Lanzarote Walk – Tremesana Route

We have already mentioned the two free guided walks that you can take in Lanzarote through the protected Timanfaya National Park, last week I went on the smaller 3km tour known as the Tremesana Route – a Timanfaya walk in the protected volcanic region.

These walks have to be booked in advance through the website Red de Parques Nacionales and are available with an English speaking guide. A maximum group of 8 people meet at the Timanfaya Visitors Centre before jumping aboard a minibus to the start of the walk. As well as the English speaking tour, there was also a Spanish speaking one, we both set off at the same time but to two different starting points.

Timanfaya Walk
Timanfaya walk

Our guide for the trek was Carlos who drove us to Yaiza before turning off on a dirt track road with a locked barrier to restrict access to authorised personnel only. We disembarked from the minibus, Carlos pointed out the rules we should adhere to during the walk such as keeping to the marked path, not to leave any rubbish behind etc. After a short introduction to ourselves we set off, our group included four English speaking Germans and four Brits.

The Tremesana Route explores the Southern area of the 1730 – 1736 eruption in Lanzarote, we walked along a picón path to the side of Montaña Tremesana, this volcano is known as a kipuka, as it is older than the surrounding lava flow from the 18th century eruption. On the slopes we could see fig trees that have been cultivated, Carlos explained that after the eruption residents searched for old fertile land that had survived the eruption so they could plant crops and trees. Although the tradition in this area has declined there are still some families with special permission to enter the park to collect the figs from these trees each year.

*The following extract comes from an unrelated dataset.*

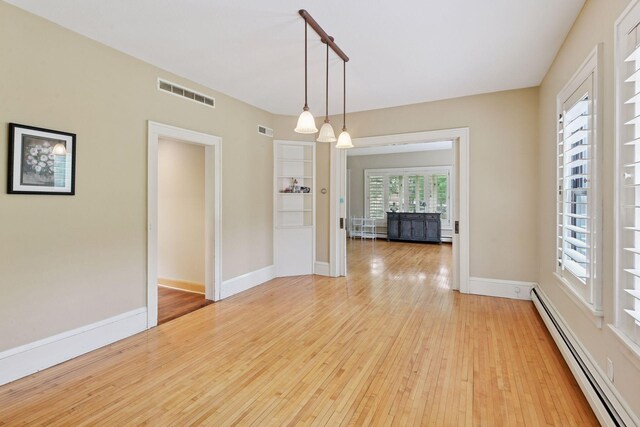 3685 Watertown Rd, Orono, MN 55359 - unfurnished room featuring a baseboard radiator, light wood-style flooring, and baseboards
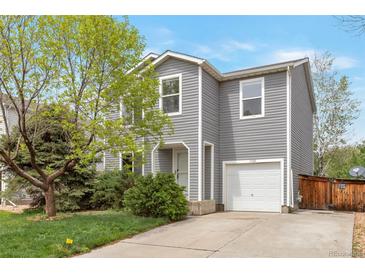 Charming two-story home featuring gray siding, well-kept landscaping, and an attached one car garage at 1365 Waxwing Ave, Brighton, CO 80601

The path turned away from Tremesana and led us towards Montaña Rajada which is known as the Cracked Mountain, here lava flowed from the base forming a hard surface, it was a bit disconcerting when Carlos jumped down hard and you could feel the ground move, we were standing over a lava tube. There was a lava rock construction just off the path in this area, Carlos asked for suggestions as to what it was but we didn’t guess correctly – this black raised circle of lava rock is used to dry figs on!  The freshly picked fruit would be laid on the small porous rocks to dry for use later in the year.

To our right we could see an expanse of lava flow with a myriad of tunnels, the roof had fallen in creating a jameo in one section. The park has a wildlife including hedgehogs, rabbits, lizards and birds. Our guide explained that the rabbits live in the lava flow venturing out in the early morning to drink the dew from the leaves of plants before it is evaporated as the temperature rises in the day.

The colours in Montaña Encantada were beautiful, no wonder this is called the Enchanted Mountain. We crossed paths with the other group at this point, our guides exchanging keys so we returned in the bus parked at either end of the walk. There was a very flat area of lava which is referred to as the lava lake, here the lava flowed into a hollow from a previous corona forming a lake which then solidified.

We had encountered all different types of lava flow along our walk, from malpais or bad land as the locals call it which is very rough lava flow and difficult terrain to cross, beautiful swirling lava flow where you can imagine it rippling past and the crunchy volcanic ash we know as picón – those small black stones that get in your shoes! We were invited down into a lava tunnel by Carlos, here there was relief from the heat of the sun and respite from the wind, these tunnels have a lovely ambient temperature of 18-20 degrees, it’s no surprise that the Guanches made their home in them.

There was a lot of interesting information given during the walk, for example did you know that Lanzarote was originally two islands? The first massive to form was Los Ajaches around 15 million years ago, followed by the Risco de Famara, the remainder of the island was formed by smaller eruptions connecting the two. No wonder Lanzarote is known as the Isla de los Volcanes there are 110 of them!

This walk is suitable for all levels, children from the age of 16 are welcome as long as accompanied by a parent. You can book online, free of charge by using the link above. Please arrive 15 minutes before the start time with your confirmation and identification or your place will be reallocated to anyone waiting.